■ The problem:
A verbatim copy of the full data, with no pictures, is the expected answer.

.....

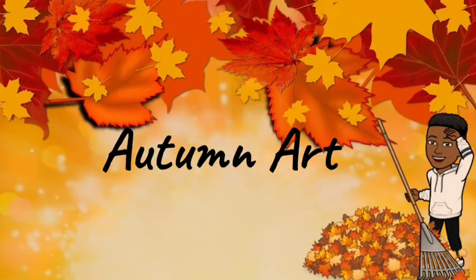Thank you parents and guardians for joining us for part one of autumn art. Please join us for part two, and after you complete part two, please post a picture or send us a picture so we can put it on Class Dojo and show off all the wonderful art our students are doing. Thank you and enjoy the rest of your day.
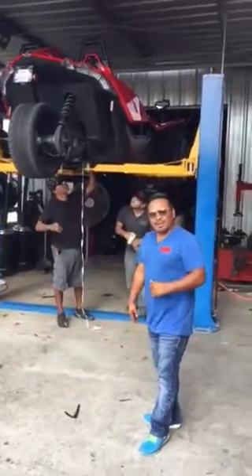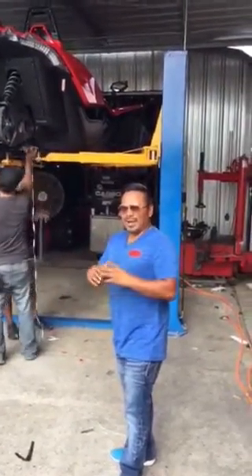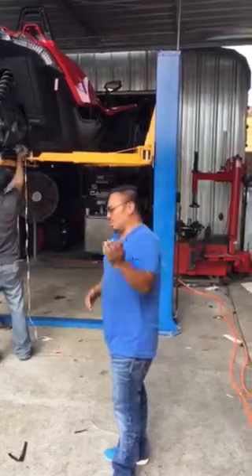I'm so glad we have the lift, because it makes things so easy, and it also makes the job more professional, nicer, and neater. Come and look at it.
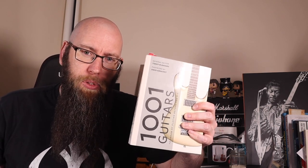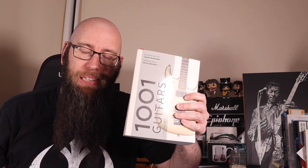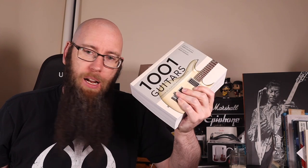Every episode of Guitar Wishlist is heavily influenced by this book here — '1001 Guitars That You Should Dream of Playing Before You Die.' This is one of the coolest books I've ever bought. It has guitar history from literally hundreds of years ago. You should check it out — some very cool stuff in here. I've spent hours going through this book, you will love it. Check out the links in the description below.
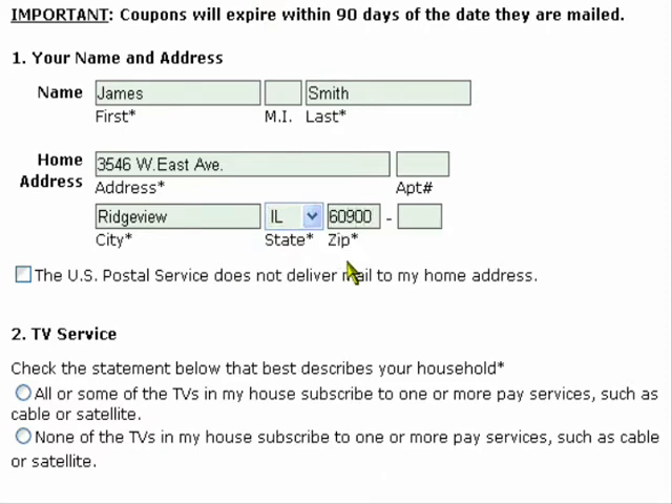If the USPS does not deliver mail to the above address, you need to check that box. Now, of these two options, you need to select the one that most closely resembles real life.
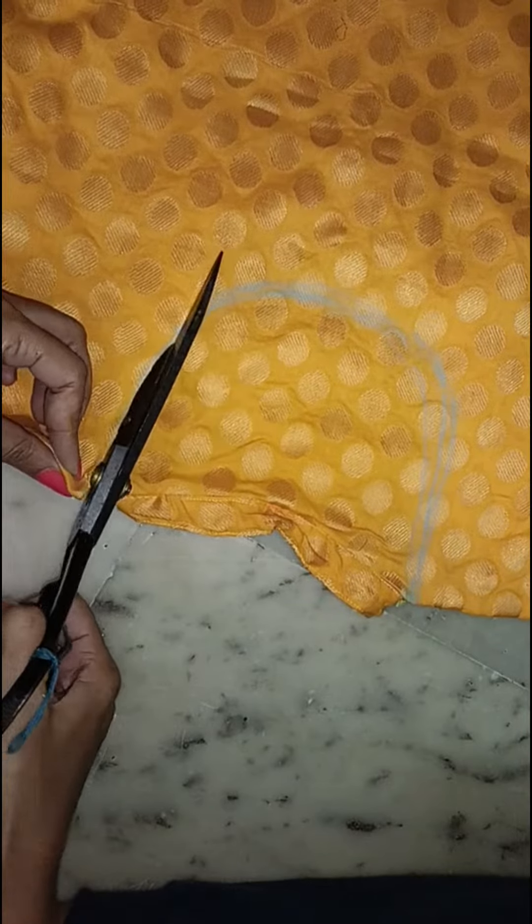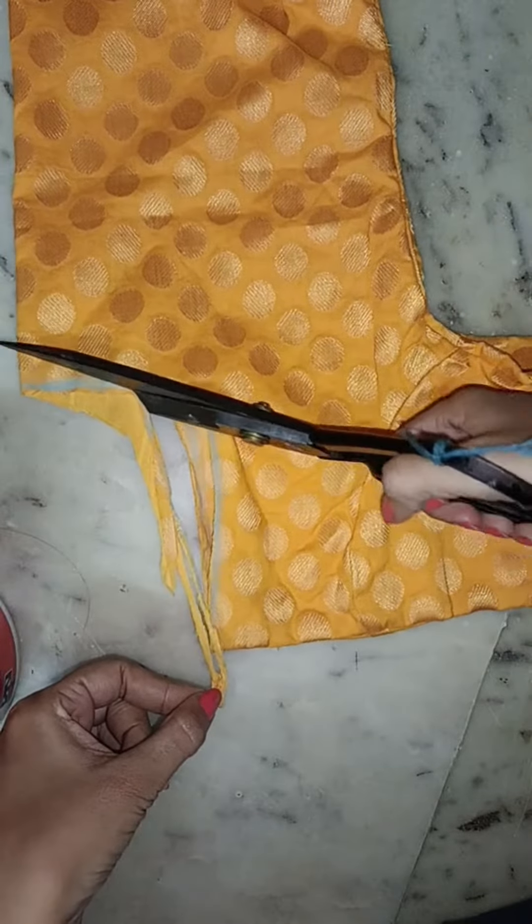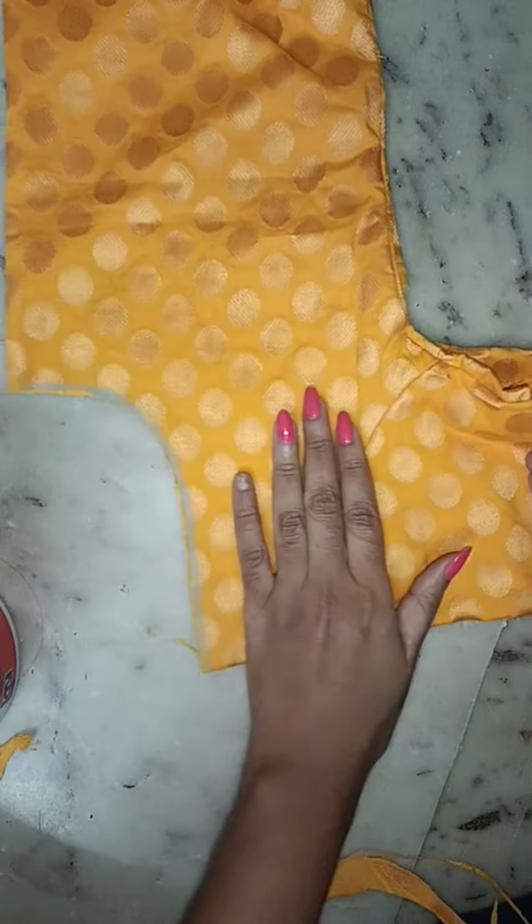If you use the collar neck, I will use the deep neck. This is when my neck needs a short neck. I think the length of my neck needs a short neck when using a short neck.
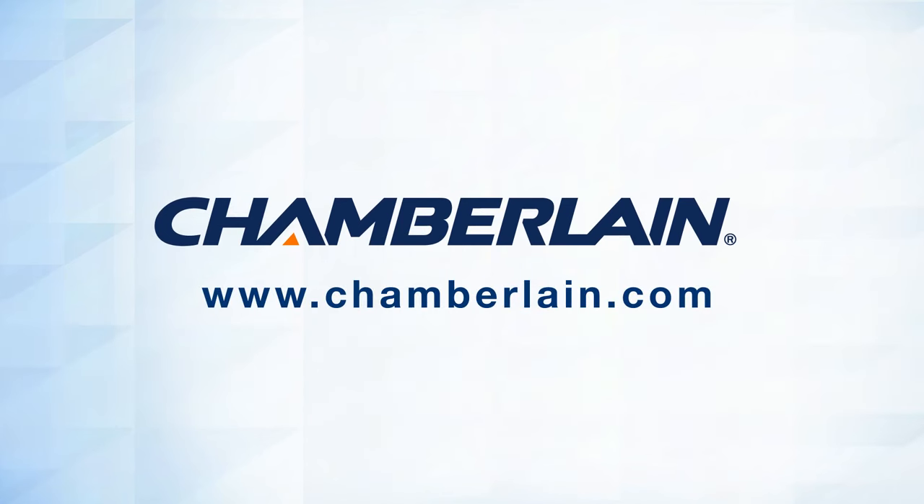Thank you for choosing Chamberlain. Be sure to check out our other products and accessories when you visit us on the web at www.chamberlain.com.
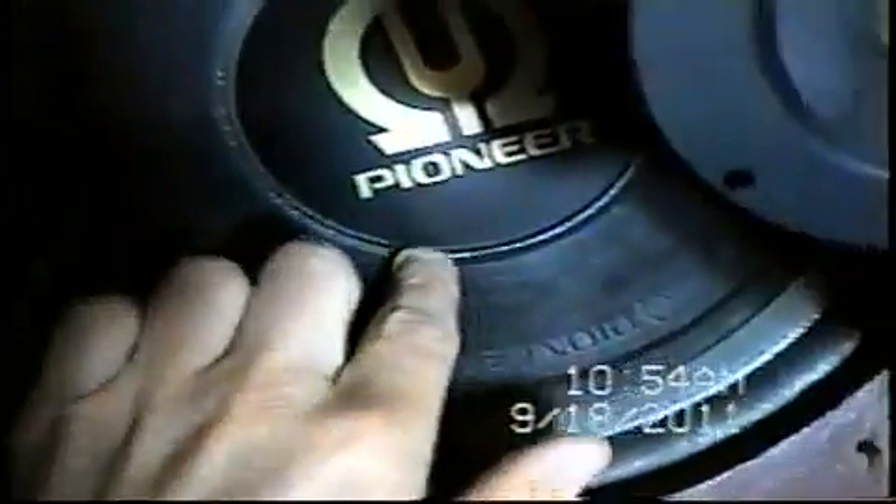The only thing with this one is it's got a small repair there — you can see it, I guess. He said he used contact cement. Very good repair, though — I never even noticed it at first.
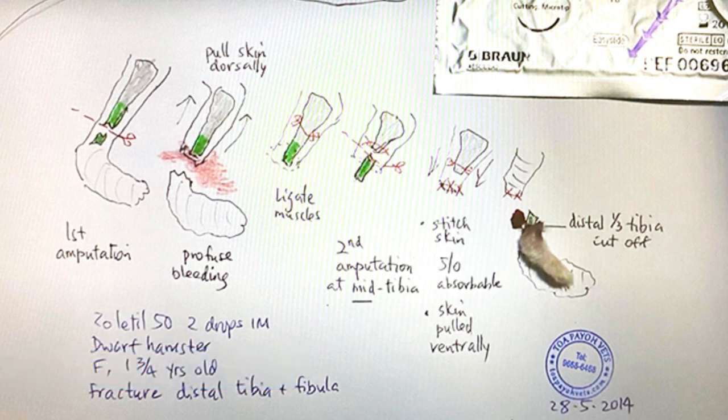A second amputation nearer the knee joint ensures there is no dangling stump. It also provides sufficient exposure to ligate the muscles and large blood vessels to prevent the hamster from bleeding to death. Bleeding is controlled by suturing the muscle stump.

.....

■ Task answer:
Thank you parents and guardians for joining us for part one of autumn art. Please join us for part two, and after you complete part two, please post a picture or send us a picture so we can put it on Class Dojo and show off all the wonderful art our students are doing. Thank you and enjoy the rest of your day.
I'm so glad we have the lift, because it makes things so easy, and it also makes the job more professional, nicer, and neater. Come and look at it.
Every episode of Guitar Wishlist is heavily influenced by this book here — '1001 Guitars That You Should Dream of Playing Before You Die.' This is one of the coolest books I've ever bought. It has guitar history from literally hundreds of years ago. You should check it out — some very cool stuff in here. I've spent hours going through this book, you will love it. Check out the links in the description below.
If the USPS does not deliver mail to the above address, you need to check that box. Now, of these two options, you need to select the one that most closely resembles real life.
If you use the collar neck, I will use the deep neck. This is when my neck needs a short neck. I think the length of my neck needs a short neck when using a short neck.
Thank you for choosing Chamberlain. Be sure to check out our other products and accessories when you visit us on the web at www.chamberlain.com.
The only thing with this one is it's got a small repair there — you can see it, I guess. He said he used contact cement. Very good repair, though — I never even noticed it at first.
A second amputation nearer the knee joint ensures there is no dangling stump. It also provides sufficient exposure to ligate the muscles and large blood vessels to prevent the hamster from bleeding to death. Bleeding is controlled by suturing the muscle stump.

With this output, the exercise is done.